• What to work on: State only how many lines below include the string "Premium".

#### Data supplied ####

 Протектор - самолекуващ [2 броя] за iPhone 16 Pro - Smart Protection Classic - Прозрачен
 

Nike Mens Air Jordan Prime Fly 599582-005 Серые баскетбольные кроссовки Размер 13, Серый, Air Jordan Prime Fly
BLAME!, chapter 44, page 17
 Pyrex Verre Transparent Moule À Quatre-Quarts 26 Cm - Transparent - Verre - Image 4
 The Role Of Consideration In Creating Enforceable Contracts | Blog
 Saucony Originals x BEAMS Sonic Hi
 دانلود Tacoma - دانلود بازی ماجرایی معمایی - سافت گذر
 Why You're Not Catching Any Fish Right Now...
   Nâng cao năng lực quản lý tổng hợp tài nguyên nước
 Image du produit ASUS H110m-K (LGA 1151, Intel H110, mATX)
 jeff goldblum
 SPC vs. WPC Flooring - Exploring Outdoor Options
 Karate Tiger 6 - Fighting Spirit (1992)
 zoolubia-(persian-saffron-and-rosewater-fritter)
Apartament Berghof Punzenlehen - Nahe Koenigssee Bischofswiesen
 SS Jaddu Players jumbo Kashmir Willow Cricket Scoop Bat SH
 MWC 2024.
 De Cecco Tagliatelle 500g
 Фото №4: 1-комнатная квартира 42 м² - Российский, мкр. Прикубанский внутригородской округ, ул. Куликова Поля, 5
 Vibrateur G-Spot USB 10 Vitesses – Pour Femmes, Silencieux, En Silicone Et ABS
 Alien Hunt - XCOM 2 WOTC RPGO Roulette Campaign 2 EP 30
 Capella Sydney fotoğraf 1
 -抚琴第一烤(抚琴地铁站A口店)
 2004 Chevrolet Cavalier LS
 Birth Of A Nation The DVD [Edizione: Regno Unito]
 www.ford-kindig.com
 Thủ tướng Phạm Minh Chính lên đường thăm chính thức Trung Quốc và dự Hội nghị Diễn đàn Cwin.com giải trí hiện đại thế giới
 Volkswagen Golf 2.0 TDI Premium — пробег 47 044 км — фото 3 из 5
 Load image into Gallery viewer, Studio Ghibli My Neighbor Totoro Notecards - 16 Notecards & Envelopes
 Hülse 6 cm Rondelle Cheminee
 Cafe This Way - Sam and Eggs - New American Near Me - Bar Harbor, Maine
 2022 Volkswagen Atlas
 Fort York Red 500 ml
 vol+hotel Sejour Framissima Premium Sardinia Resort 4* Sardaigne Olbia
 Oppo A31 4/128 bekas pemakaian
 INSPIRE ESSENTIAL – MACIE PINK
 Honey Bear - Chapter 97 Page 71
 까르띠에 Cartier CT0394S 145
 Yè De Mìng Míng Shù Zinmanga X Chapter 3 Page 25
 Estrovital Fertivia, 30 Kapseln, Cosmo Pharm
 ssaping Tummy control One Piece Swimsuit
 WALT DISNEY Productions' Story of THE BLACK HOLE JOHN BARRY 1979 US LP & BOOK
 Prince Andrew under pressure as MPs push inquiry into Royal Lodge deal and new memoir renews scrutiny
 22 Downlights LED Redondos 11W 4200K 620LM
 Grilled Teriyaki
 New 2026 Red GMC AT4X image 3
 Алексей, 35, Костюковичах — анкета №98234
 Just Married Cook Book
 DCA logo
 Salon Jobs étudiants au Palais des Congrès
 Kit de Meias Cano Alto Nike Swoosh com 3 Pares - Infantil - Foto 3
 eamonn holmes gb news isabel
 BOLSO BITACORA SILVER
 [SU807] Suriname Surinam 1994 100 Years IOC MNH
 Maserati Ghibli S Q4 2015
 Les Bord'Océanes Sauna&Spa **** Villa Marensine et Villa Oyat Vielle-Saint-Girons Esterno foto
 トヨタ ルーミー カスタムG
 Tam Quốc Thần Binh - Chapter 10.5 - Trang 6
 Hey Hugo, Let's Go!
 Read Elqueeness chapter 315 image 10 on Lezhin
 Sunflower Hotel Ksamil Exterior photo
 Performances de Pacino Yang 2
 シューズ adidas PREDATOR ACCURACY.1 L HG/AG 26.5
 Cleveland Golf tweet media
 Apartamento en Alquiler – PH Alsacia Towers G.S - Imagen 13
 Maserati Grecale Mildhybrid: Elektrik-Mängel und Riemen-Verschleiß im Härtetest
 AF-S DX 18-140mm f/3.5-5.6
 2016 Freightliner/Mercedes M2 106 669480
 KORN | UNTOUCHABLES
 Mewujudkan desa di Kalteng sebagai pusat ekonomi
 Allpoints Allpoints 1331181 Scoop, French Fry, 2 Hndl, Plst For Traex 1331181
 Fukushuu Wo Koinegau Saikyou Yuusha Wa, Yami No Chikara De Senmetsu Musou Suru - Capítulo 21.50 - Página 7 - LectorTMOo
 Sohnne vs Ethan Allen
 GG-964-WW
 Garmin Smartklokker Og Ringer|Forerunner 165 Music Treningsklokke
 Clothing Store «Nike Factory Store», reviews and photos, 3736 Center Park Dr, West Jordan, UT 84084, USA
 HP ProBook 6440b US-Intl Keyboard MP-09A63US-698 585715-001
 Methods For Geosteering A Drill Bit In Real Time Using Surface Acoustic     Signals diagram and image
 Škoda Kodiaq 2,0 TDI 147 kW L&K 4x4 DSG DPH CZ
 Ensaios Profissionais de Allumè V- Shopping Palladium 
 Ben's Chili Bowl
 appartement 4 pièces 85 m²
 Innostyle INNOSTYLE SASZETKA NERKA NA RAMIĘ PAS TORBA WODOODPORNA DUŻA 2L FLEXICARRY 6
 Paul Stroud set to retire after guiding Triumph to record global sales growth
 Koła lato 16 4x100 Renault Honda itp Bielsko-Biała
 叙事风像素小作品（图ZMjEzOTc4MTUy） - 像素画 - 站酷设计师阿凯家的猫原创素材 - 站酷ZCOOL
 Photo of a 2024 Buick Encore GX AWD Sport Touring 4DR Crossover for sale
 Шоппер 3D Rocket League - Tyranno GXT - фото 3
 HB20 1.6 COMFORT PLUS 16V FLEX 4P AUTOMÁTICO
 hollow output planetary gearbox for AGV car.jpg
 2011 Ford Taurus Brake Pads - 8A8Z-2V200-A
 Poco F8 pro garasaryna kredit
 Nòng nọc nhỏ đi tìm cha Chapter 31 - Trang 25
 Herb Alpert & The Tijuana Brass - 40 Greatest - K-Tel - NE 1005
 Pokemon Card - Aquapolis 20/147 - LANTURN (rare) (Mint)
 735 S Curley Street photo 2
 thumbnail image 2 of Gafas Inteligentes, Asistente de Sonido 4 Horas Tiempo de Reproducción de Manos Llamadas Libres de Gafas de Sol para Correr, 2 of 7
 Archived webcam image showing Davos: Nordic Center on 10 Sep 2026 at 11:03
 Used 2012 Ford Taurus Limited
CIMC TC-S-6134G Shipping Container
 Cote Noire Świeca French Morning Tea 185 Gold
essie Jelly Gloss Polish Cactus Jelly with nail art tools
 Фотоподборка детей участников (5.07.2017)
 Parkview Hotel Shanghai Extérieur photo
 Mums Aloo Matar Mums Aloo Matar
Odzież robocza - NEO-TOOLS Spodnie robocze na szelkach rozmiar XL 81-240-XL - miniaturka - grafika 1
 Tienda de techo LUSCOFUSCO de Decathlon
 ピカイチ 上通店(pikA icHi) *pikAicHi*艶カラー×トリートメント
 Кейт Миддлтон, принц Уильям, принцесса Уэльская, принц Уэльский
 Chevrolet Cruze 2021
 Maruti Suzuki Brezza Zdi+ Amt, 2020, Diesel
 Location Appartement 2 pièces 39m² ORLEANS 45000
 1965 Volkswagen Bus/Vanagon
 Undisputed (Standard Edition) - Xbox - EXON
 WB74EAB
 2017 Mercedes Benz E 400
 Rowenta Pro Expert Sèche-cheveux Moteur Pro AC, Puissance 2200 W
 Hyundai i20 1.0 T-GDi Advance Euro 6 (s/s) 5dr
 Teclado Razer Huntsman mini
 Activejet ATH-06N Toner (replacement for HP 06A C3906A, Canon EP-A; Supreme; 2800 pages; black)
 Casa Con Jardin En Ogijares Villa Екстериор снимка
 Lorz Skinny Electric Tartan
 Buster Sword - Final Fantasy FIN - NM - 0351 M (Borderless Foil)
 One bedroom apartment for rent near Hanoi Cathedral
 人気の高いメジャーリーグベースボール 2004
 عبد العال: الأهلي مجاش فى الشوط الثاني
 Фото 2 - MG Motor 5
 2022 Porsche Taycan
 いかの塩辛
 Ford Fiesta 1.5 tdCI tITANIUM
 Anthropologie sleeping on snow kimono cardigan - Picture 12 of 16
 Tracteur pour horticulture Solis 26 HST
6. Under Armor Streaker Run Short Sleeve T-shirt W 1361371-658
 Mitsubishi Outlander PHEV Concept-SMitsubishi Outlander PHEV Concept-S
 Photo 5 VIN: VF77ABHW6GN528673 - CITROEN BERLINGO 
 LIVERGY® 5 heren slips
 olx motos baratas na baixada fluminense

####

• Output for this task: 2